[News] Torture: Read it in the Israeli press

Anti-Imperialist News news at freedomarchives.org
Wed Apr 4 12:25:01 EDT 2007


Torture: Read it in the Israeli press
http://electronicintifada.net/v2/article6768.shtml


Miko Peled, The Electronic Intifada, 4 April 2007

Thanks to the Israeli press, people in Israel are informed regularly 
about their government's mistreatment of the 4.5 million Palestinians 
under their rule. Most of the information regarding the occupation of 
Palestine and the oppression of its people is well documented and 
accurately reported in the Israeli press. But even the most serious 
offenses are given a "kosher" stamp, so to speak, once the word 
"security" is attached to them.

There are ample examples of this, but few are as striking as the one 
provided in the March 23rd issue of the Israeli daily Yediot 
Aharonot. In this issue, there is an interview with the retired Chief 
Interrogator of the Shabak, Israel's internal secret security 
service, 79-year-old Arieh Hadar. Mr. Hadar admits to acts taken by 
the Israeli internal secret security service that have never before 
been revealed publicly.

Were Israel to be the democracy it claims to be, this man would be 
put on trial, or at least beg for amnesty in exchange for the damning 
testimony he provided. If Israel had the least amount of respect for 
human and civil rights, this interview would lead to an investigation 
and perhaps even arrests. But in the Jewish democracy men and women 
of this kind are above the law, and beyond incrimination. In Israel, 
the security apparatus is a sanctified system that no one dares to 
question, it is a world of shadowy heroes to whom Israelis are made 
to believe they owe their lives. Mr. Hadar is interviewed as a hero 
who served his country instead of a villain that brought it shame.

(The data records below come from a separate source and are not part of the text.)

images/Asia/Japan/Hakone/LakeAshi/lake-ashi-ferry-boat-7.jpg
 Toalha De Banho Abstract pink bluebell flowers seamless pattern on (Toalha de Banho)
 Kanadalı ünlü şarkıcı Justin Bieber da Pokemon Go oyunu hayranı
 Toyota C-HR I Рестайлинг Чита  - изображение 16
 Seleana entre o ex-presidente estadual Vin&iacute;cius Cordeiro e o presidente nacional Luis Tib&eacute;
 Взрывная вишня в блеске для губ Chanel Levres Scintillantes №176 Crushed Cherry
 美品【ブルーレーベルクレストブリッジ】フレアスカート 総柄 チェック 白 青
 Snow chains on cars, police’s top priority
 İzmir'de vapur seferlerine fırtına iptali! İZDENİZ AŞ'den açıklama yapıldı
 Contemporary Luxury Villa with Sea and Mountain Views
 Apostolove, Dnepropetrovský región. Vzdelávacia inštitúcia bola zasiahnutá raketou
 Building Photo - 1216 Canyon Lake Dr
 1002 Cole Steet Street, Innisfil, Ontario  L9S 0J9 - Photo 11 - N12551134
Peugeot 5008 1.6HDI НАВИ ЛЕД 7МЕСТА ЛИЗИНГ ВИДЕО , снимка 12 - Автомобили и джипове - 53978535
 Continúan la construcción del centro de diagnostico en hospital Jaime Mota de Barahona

Most of the interview deals with violations of civil rights of 
Israelis, violations that took place in the early years of the state 
due mostly to the paranoia and McCarthyist tendencies of Israel's 
first Prime Minister David Ben Gurion. Examples of blacklisting civil 
servants and military personnel who did not tow the line with Ben 
Gurion's party Mapai; opening voting ballots to ensure that 
retribution followed dissent; and breaking and entering to dig up 
information on people deemed by Ben Gurion and others in the party as 
"enemies of the state."

But as the interview continues, Mr. Hadar also touches on the issue 
of torture as part of the interrogation process. He mentions cases of 
interrogations where his agents lied in court about getting 
confessions through torture. "Since the suspects were Arabs the 
judges would always take our word over theirs" he says and continues 
to say that he found "Arabs were often glad to be slapped a few 
times" because it gave them an excuse to turn against their people 
and collaborate with the interrogators. He typically refrains from 
using the "P" word and refers to Palestinians only as Arabs or as terrorists.

This hero of the state who obviously takes pride in his work 
continues: As the work load increased around 1967 due to the increase 
of security threats involving "Arabs", there was an increase in the 
use of physical force, which he says he regrets but claims that they 
had no other choice then, nor does any other choice exist today.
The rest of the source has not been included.